Over a quarter (28%) of the sponge species recorded in this study constitute novel occurrence records in terms of either their geographical distribution or depth range. Some of these newly documented occurrences, such as Homaxinella erecta, bridge previously known distributions both to the north and south of the BoP (Kelly, 2022; WoRMS Editorial Board, 2025). The diversity in sponge taxa found in this study provides valuable insights into the influence of currents within the BoP’s mesophotic zone. The composition of sponge communities in the Motiti mesophotic reefs and the broader BoP region reflects an amalgamation of warm-water (northern) and cold-water (southern) affinities, indicating the complex interplay of oceanic currents within this area. Notably, the proportion of species with demonstrated warm-water preferences (22%) was nearly double that of the species extending into colder regions further south (12%), indicating the pronounced influence of the warmer East Auckland Current (EAUC) in the BoP. Considering the significant influence of the EAUC in the BoP, as indicated by this study and supported by Donald (2021), an important question arises: how will the increasing frequency and intensity of marine heat waves transported from the tropics to New Zealand (Behrens et al., 2022) affect precious mesophotic ecosystems within the Bay of Plenty? These discoveries highlight the existence of a highly mixed sponge assemblage characterized by taxonomically diverse and interconnected communities. Their associations with oceanic currents make them a crucial area for further investigation and conservation efforts.
Among the 11% of new or undescribed species identified from ROV footage, the tumbleweed sponge emerged as an intriguing subject of investigation. Donald (2021) identified the tumbleweed sponge as a ‘probably new species’ due to its highly unusual morphology for a branching sponge in New Zealand, with no comparable species previously observed. It is most likely a Callyspongia species (Battershill, personal communication, June 2025). Its abundant presence was noted on Nukutai Reef between 40–50 m depth, in February 2021 (see https://youtu.be/7jfiwkn_W8M for original video transect footage from Donald, 2021). However, this study in the same region and including the same reef, conducted only a year and a half later, revealed a starkly contrasting scenario. The tumbleweed sponge was seldom encountered and when it was, specimen appeared markedly degraded (see Supplementary Figures 5T-U). In fact, they were only recorded as ‘possibly tumbleweed sponge’, due the obscurity and rarity of sightings in the ROV footage, the absence of physical samples, and limited prior records. There were only a few sightings of it and a full identification has not been possible (it has not been collected), hence confirmation of the taxonomy and ecology of this species remains to be carried out. There is however a possibility that the tumbleweed sponge originally identified by Donald (2021) has completely disappeared from these reefs. It is noted, however, that there are many sponge species that can have a rather ephemeral life history (Perkins et al., 2025) and we do acknowledge that the repeat surveys were not carried out along exactly the same transects, though they covered a much greater area of the Nukutai Reef than the preliminary survey in Donald (2021). Nonetheless, mesophotic sponge reefs are renowned as long-lived communities (Teixidó et al., 2009; Bell et al., 2014; Micaroni, 2022) and combined with the degree of sponge necrosis in other species, it would appear that these reef systems have been under significant stress.
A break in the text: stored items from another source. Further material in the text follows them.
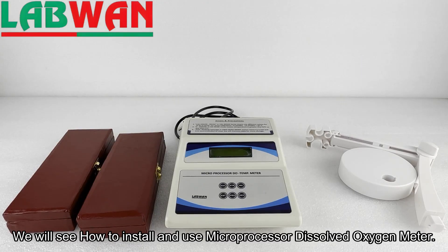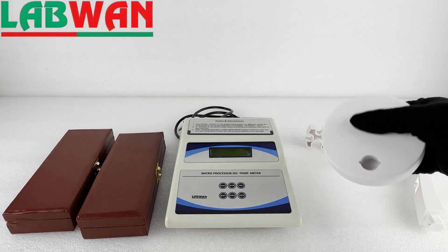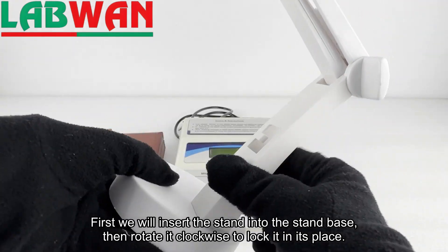We will see how to install and use a microprocessor dissolved oxygen meter. First we will insert the stand into the stand base, then rotate it clockwise to lock it in its place.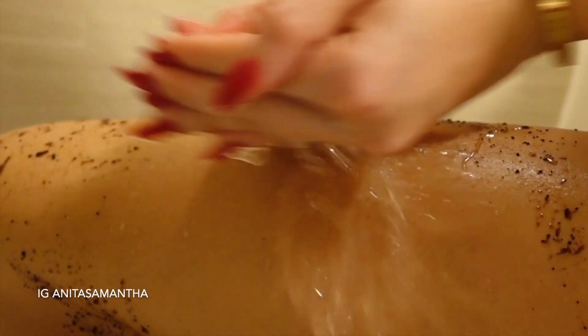Then splash off the rest of the scrub — it's the easy way to get it off your body and it feels so good. After, your skin is baby soft, it smells amazing, and it's glowing.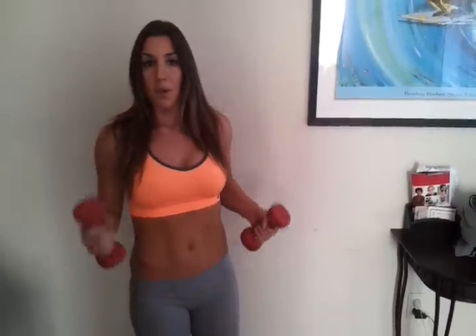I do see a lot of women and men doing this one wrong, whether it be on the cables or using the bicep curls or even barbells. A lot of people are doing it wrong. So what you want to do is grab a light pair of dumbbells. You don't want to go super heavy because you just will not get the correct form. And if you don't have the correct form, you're not going to be building your muscle.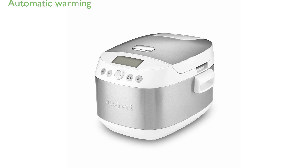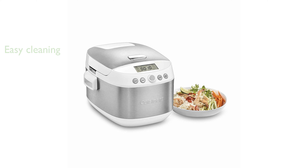After cooking, it conveniently switches to a warming mode, ensuring your meal remains at an optimal serving temperature until you are ready to eat. The anodized aluminum cooking pot features a non-stick coating, and all removable parts are dishwasher safe, simplifying the cleaning process.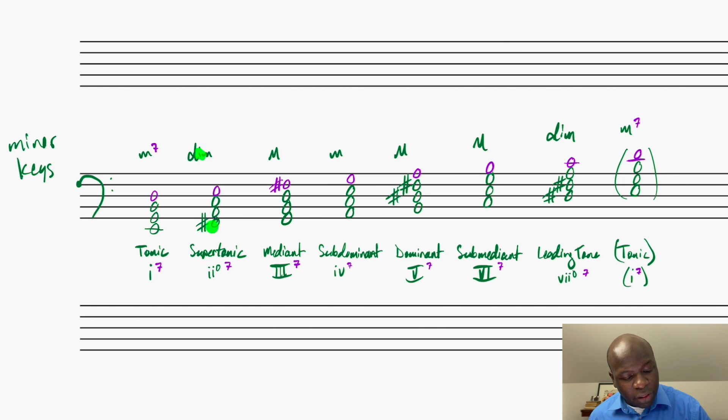My ii chord has a diminished triad underneath, and then I have F# to E — a minor 7th. So here we go again with a half diminished 7th chord. Because it's half diminished, I need to make sure in my Roman numeral label that I put a slash through that diminished symbol. So the ii7 chord in minor keys is half diminished. For my mediant III7 chord, I've got my major chord, and then G to F# is a major 7th, so that would be a major 7th chord. My iv7 chord is a minor triad underneath with a minor 7th on top, so a minor 7th chord.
The size of the sponges alone, for example the large patches of encrusting sponges seen in ROV footage, indicates that the individuals observed in this study are likely to be decades old (Ayling, 1983). Consequently, this rapid shift in the tumbleweed sponge population, whether they have completely disappeared or there is still a remnant population, is a matter of considerable ecological significance.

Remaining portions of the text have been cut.